La chorale de fortune ne fait pas long feu. A 17h20, les manifestants sont encerclés par les policiers qui les repoussent jusque dans les escaliers du métro. Un militant de la FA y est arrêté. Les voix de ses camarades clamant « police partout, justice nulle part ! » se sont tues. Lionel, qui a réussi à s’extirper de la mêlée, en sort renforcé dans ses convictions antimilitaristes : « Ils ne réfléchissent pas. Si demain y’a Le Pen, il feront ce qu’il leur dit de faire. Sous l’occupation, la rafle du Vel’ d’Hiv’, c’est la police française qui l’a perpétré ».
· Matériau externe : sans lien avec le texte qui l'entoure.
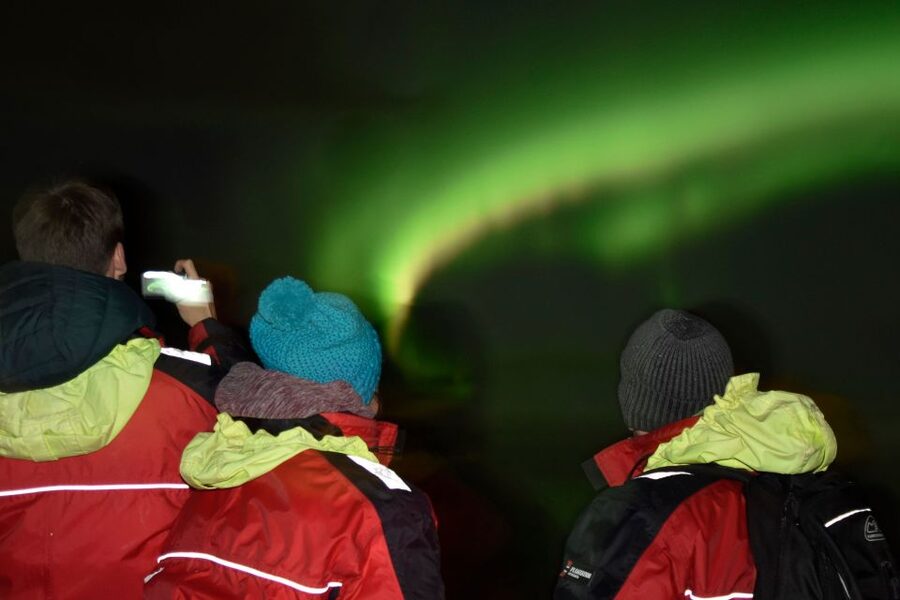 Reykjavík: Northern Lights Cruise - Photography expectations from a moving deck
Le "polisson de la chanson" magnait la métaphore et la poésie comme autant de lames pointées vers les institutions. Les quelques manifestants restés samedi devant la préfecture avaient eux aussi plus d’une corde – vocale – à leur arc : La mauvaise réputation de Brassens, Le triomphe de l’anarchie de Charles d’Avray, et Les anarchistes de Léo Ferré se sont succédés aux oreilles sensibles des policiers.

Un répertoire un peu suranné ? « Ceux qui reprennent le flambeau sont des gens qu’on n’entend pas dans les médias », estime Lionel. Cette marginalisation pourrait être à craindre. Brassens est tantôt censuré de fait, tantôt relégué au musée (la Cité de la Musique). C’est peut-être risquer d’archiver ses aspirations : « Le seul paradis que je préconise, moi, c’est le paradis de l’individu qui a sa liberté », disait-il.